Return all the data exactly, keeping the pictures out.

──────── Supplied material ────────

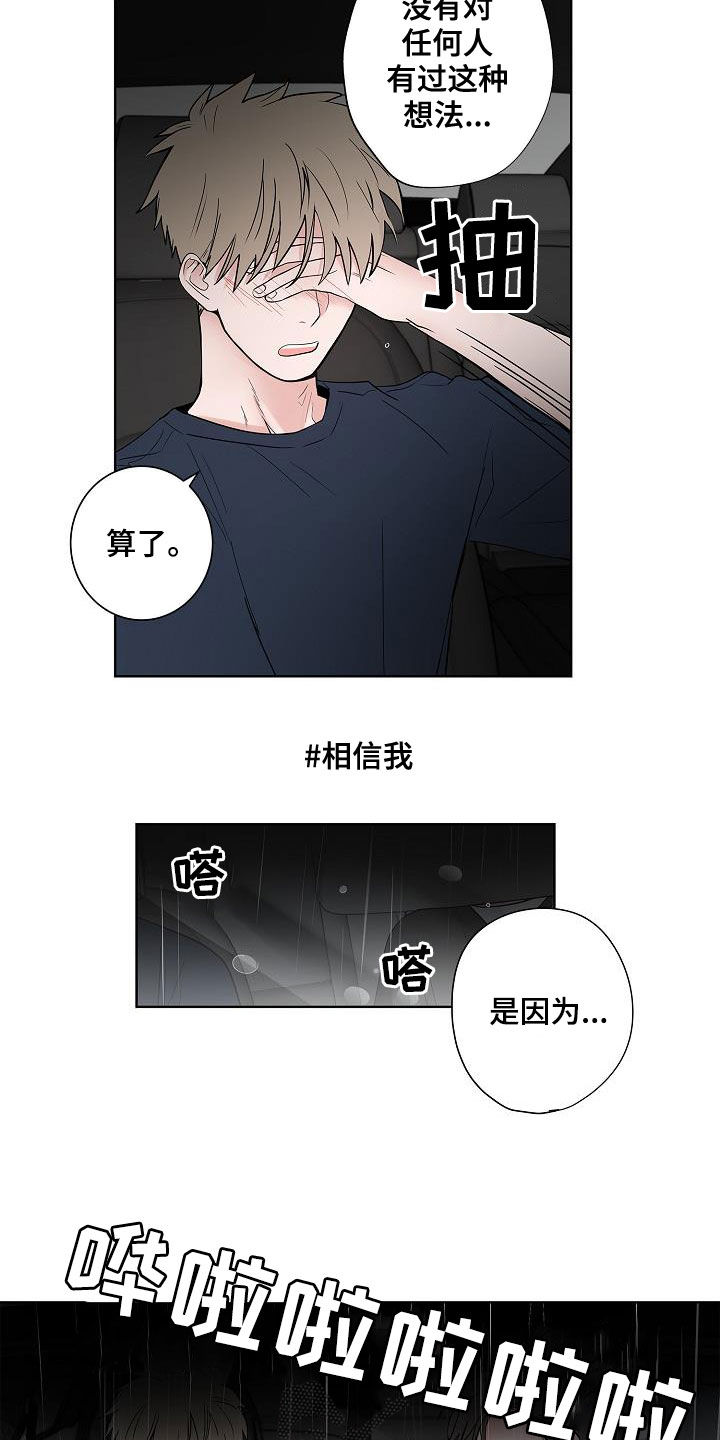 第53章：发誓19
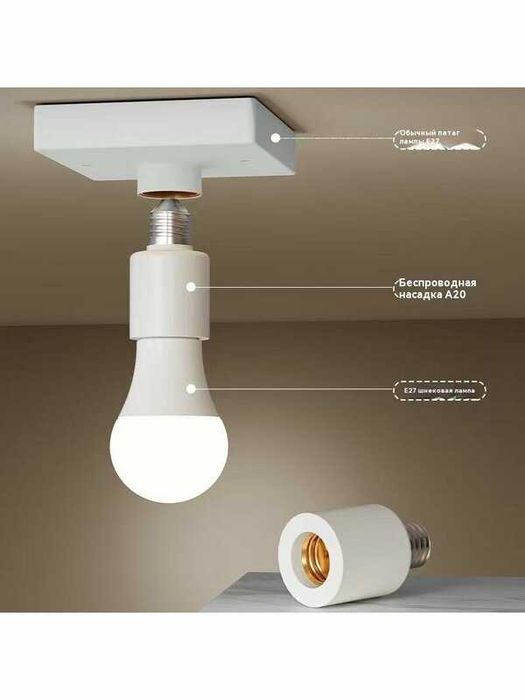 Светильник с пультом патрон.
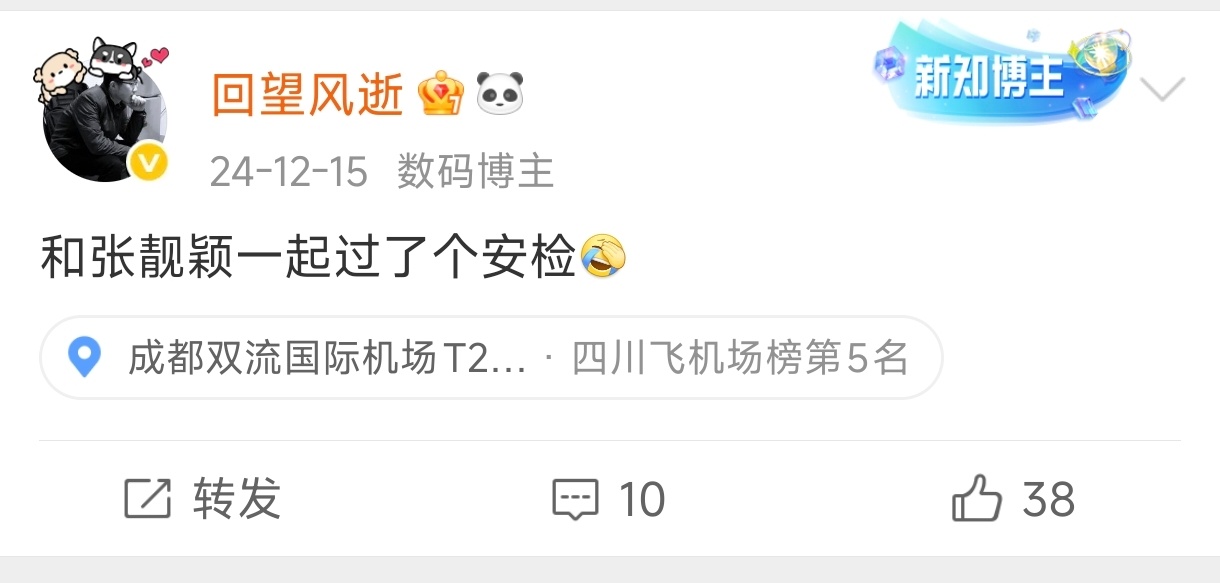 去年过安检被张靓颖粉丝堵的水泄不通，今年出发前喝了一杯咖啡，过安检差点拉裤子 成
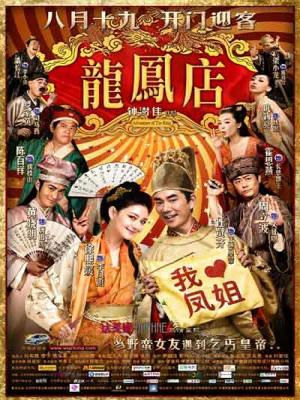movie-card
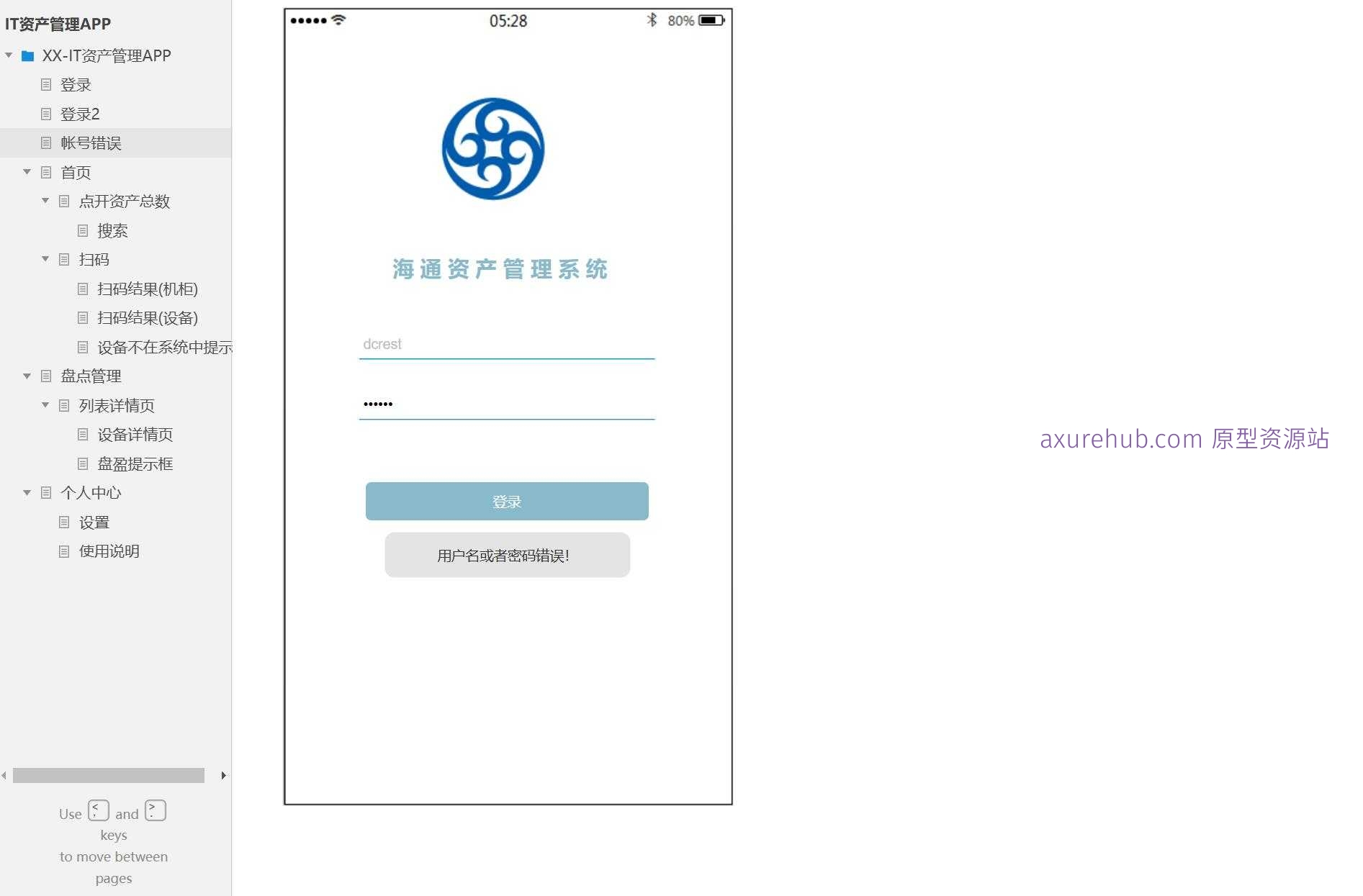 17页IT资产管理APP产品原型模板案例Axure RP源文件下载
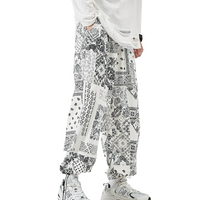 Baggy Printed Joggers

────────

Output for this task
 第53章：发誓19
 Светильник с пультом патрон.
 去年过安检被张靓颖粉丝堵的水泄不通，今年出发前喝了一杯咖啡，过安检差点拉裤子 成
movie-card
 17页IT资产管理APP产品原型模板案例Axure RP源文件下载
 Baggy Printed Joggers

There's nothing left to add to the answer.